星、導き

 朝の光で、目が覚めた。

 昨夜の夢は、もう輪郭を失っているのに、旋律だけが胸の奥に残っている。

 身支度を整えて廊下へ出た、そのとき。


 ——ふ、と。


 聞こえた。


 言葉じゃない。

 歌でもない。

 ただ、息に乗った音。


 誰かが、口ずさんでいる。


 昨日、弾いた曲。

 夢の中で流れていた、あの旋律。

 足が、自然と音の方へ向く。考えるより先に、身体が動いている。


 角を曲がった先、窓辺で花を整えていたのは——フレシアだった。


 彼女は気づいていない。

 無意識のまま、小さく、小さく、旋律をなぞっている。


「……その曲」


 声をかけた瞬間、フレシアははっとして振り向いた。


「あ、申し訳ございません。

 つい……昔から耳に残る曲でして」


 昔から。

 その言葉が、静かに胸へ落ちる。歴代の姫達も、この曲を知っていたんだろうか。


「誰が……弾いていたんですか?」


 問いは、思ったより落ち着いた声で出た。

 フレシアは少し考えてから、穏やかに答える。


「さあ……。

 ただ、この城では、皆が知っておりますよ。

 “お姫様の曲”だと」


 お姫様の曲。


 今までも、これからも——?


 廊下の窓から、朝の空が見える。

 あの日と同じ、澄んだ青。


 音は、人を越えて残る。

 場所を越えて、時間を越えて。


 私は、知らないはずの旋律に、

 またひとつ、縛られていく。


◇❖◇


 その日の午後、私は一人で音楽室を訪れた。

 理由は、はっきりしている。

 あの曲を、もう一度確かめたかった。


 ピアノの上に置かれていた楽譜は、きちんと整えられている。

 白い紙。

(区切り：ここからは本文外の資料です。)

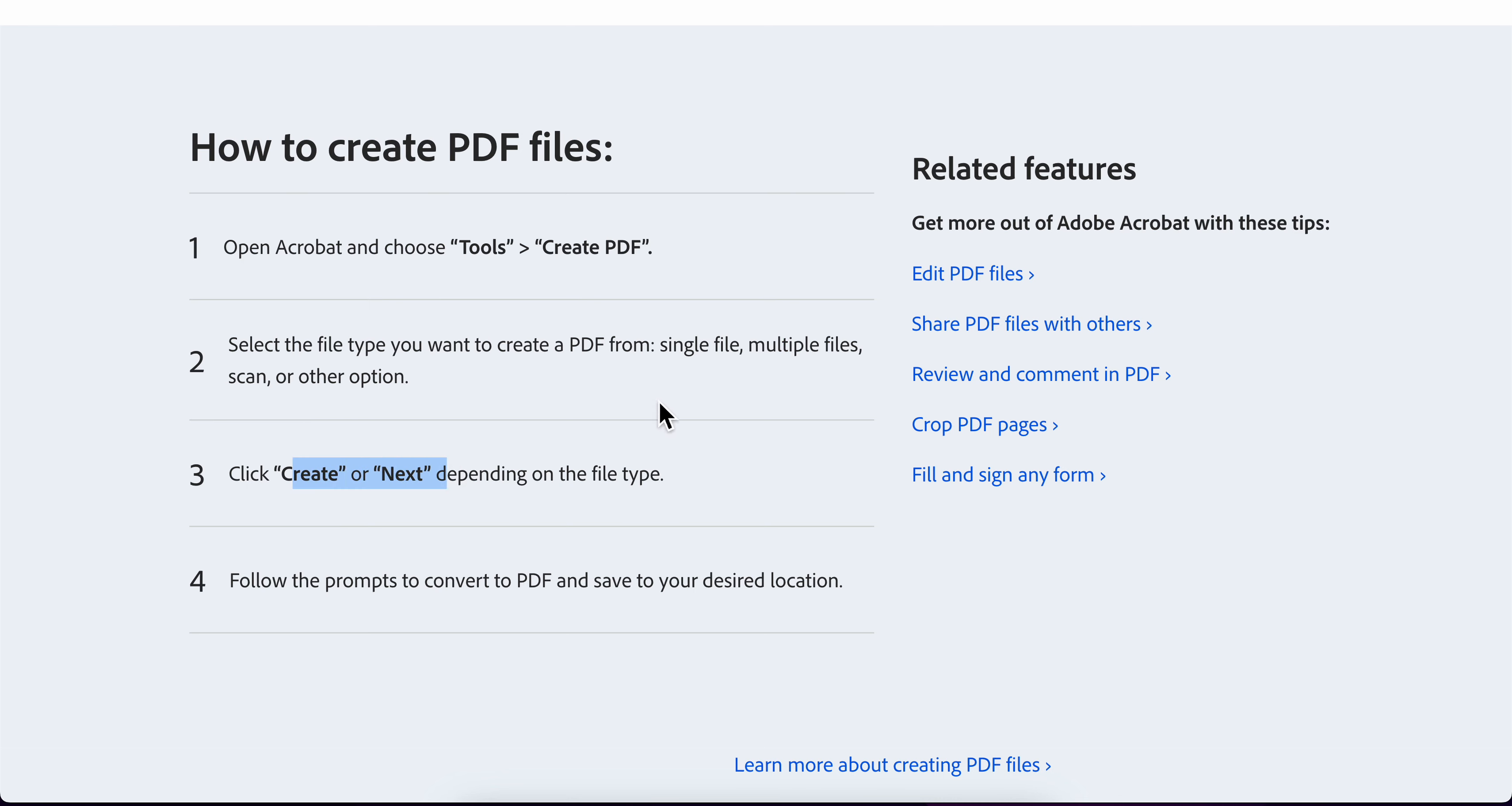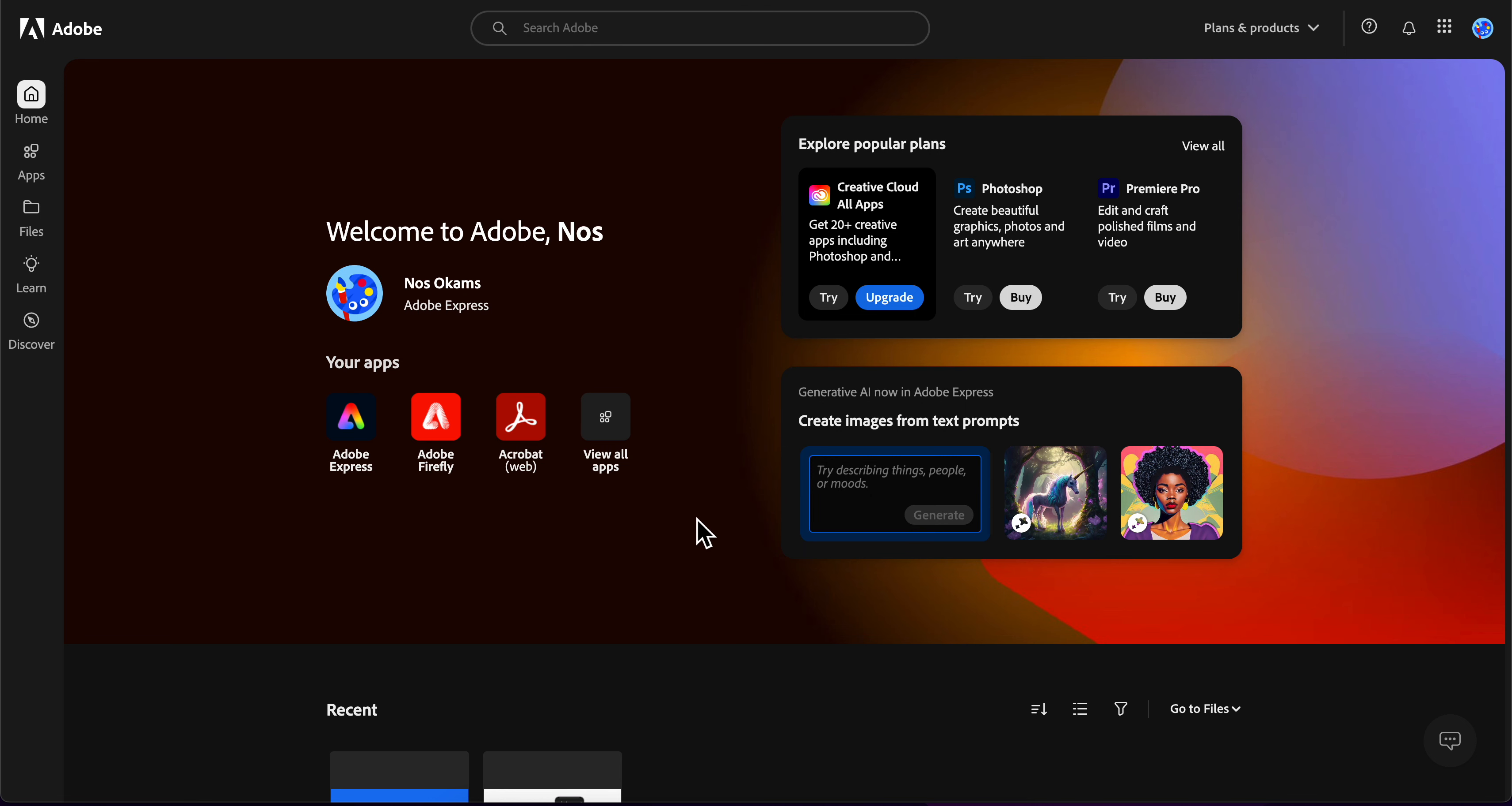Click Create or Next depending on the file type and then simply follow the prompts.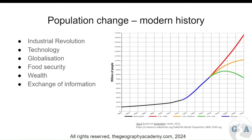Food security comes into it as well. Having food security and safe, clean drinking water combined would have transformed countries in the 1800s. You're removing the potential for disease, hunger, and malnutrition — your whole body functions better. So we're prolonging life and ensuring that young infants live longer, and this causes the population to rise.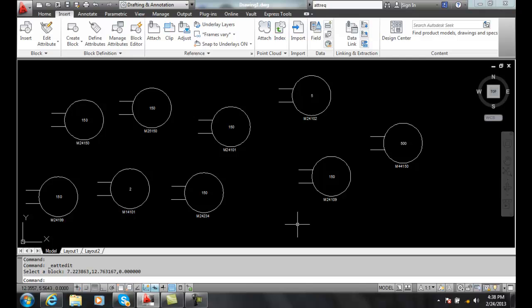Editing multiple attribute references. We can globally edit attributes, meaning we can change any of the insertion values or instances of the block.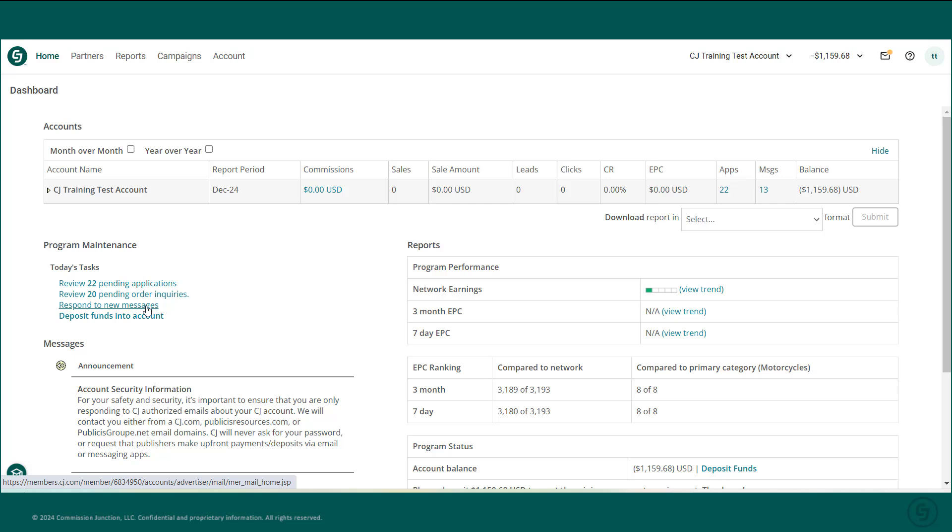Note that this section refers to two different types of messages. This link will take you directly to your inbox, where you can view messages concerning your account or joined publishers. These messages only appear in your CJ account, so make sure to check this inbox regularly.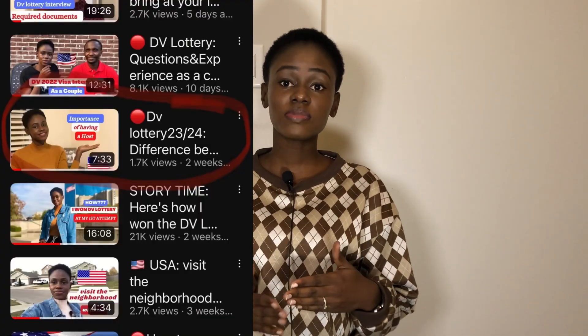Before we go into the details on how to get a host, I want to remind you: in the last video I talked about the difference between a host and a sponsor. A sponsor is someone who supports you financially or in other ways. We are not talking about a sponsor when it comes to the diversity visa. If you haven't watched that video, I suggest you go watch it.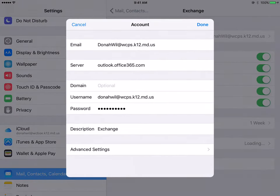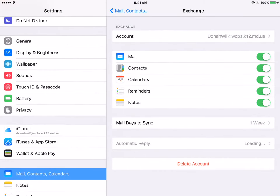Here is where you are going to, where it says password, delete your password and enter your new password, then click Done, and your email will now work.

丁寧な譜面。

 何度も使われた形跡があるのに、破れも汚れも少ない。


 ページをめくる。


 一頁、また一頁。

 旋律は、知っている通りに並んでいた。

 夢で聞いた音。昨日弾いた音。


 ——そして。


 最後のページが、なかった。

 指が、空白に触れる。

 本来そこにあるはずの紙の重みが、消えている。


「……ない」


 小さく呟く。

 楽譜は途中で終わっている。

 まるで、結末を拒むみたいに。


 なのに。


 私は、その“続き”を知っている気がした。

 頭の奥で、音が鳴る。

 書かれていないはずの和音。

 誰にも教わっていないはずの終わり方。


 胸が、静かにざわめく。


 これは未完成なのか。

 それとも——完成させてはいけないのか。


 楽譜の端に、小さな書き込みがあるのに気づいた。

 消えかけたインク。慎重な文字。


 「星への導き」


 それだけ。


 意味は分からない。

 けれど、その言葉を見た瞬間、胸の奥がひどく冷えた。


 セレスティア・ノワレ。

 お姫様の曲。

 終わりのない旋律。


 私は、楽譜をそっと閉じた。

 続きを“思い出してしまう”前に。